Task item: The response must be the exact lines from the one that contains "Toiletry Spray, Citrus Burst, 60Ml(2Fl Oz)" through the end of the material, with no pictures and no additional lines.

Recorded data:
- Opening Delimiter -
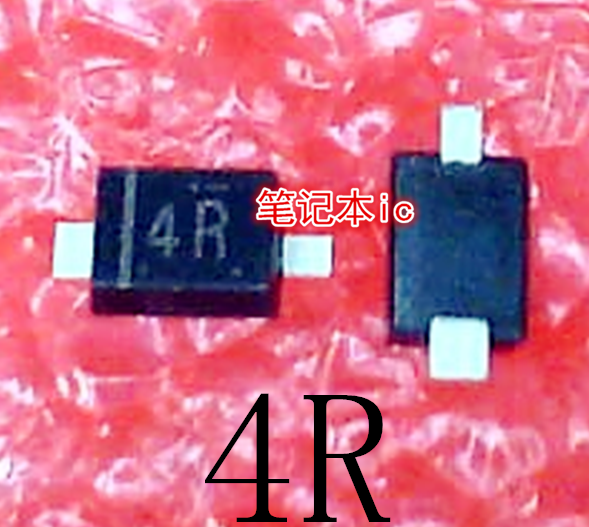 DB2J41100L        丝印:4R     SOD323       新的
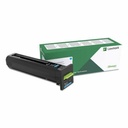Lexmark Original Extra High Yield Laser Toner Cartridge - Cyan Pack
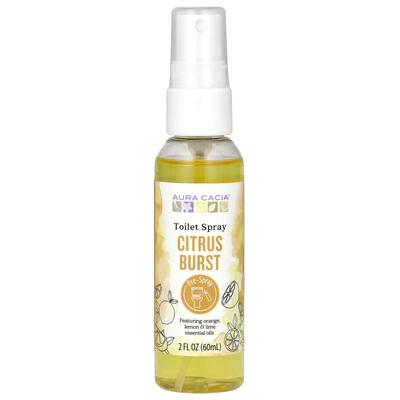 Toiletry Spray, Citrus Burst, 60Ml(2Fl Oz)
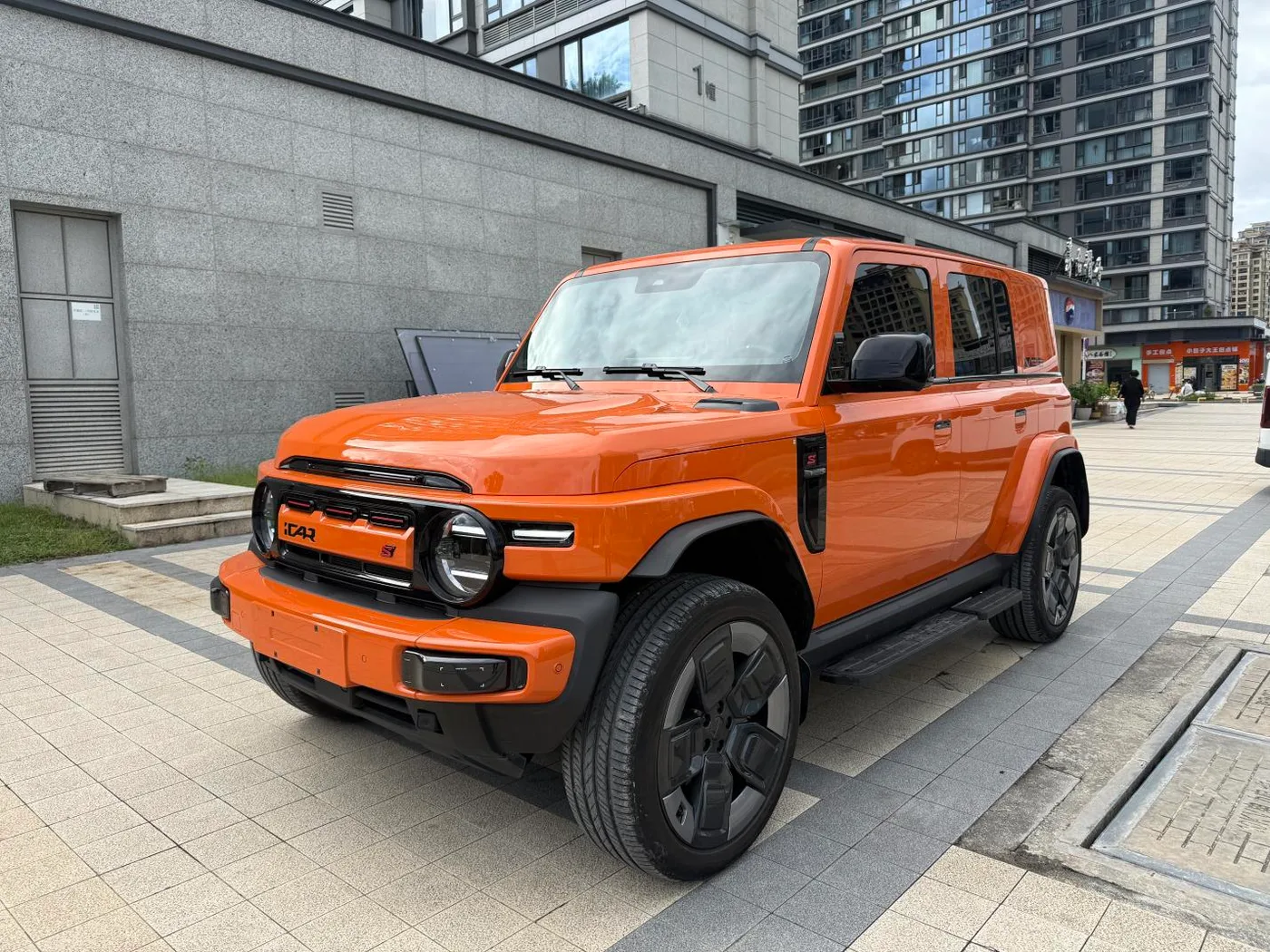 iCAR Super V23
- Closing Delimiter -
Problem solution:
 Toiletry Spray, Citrus Burst, 60Ml(2Fl Oz)
 iCAR Super V23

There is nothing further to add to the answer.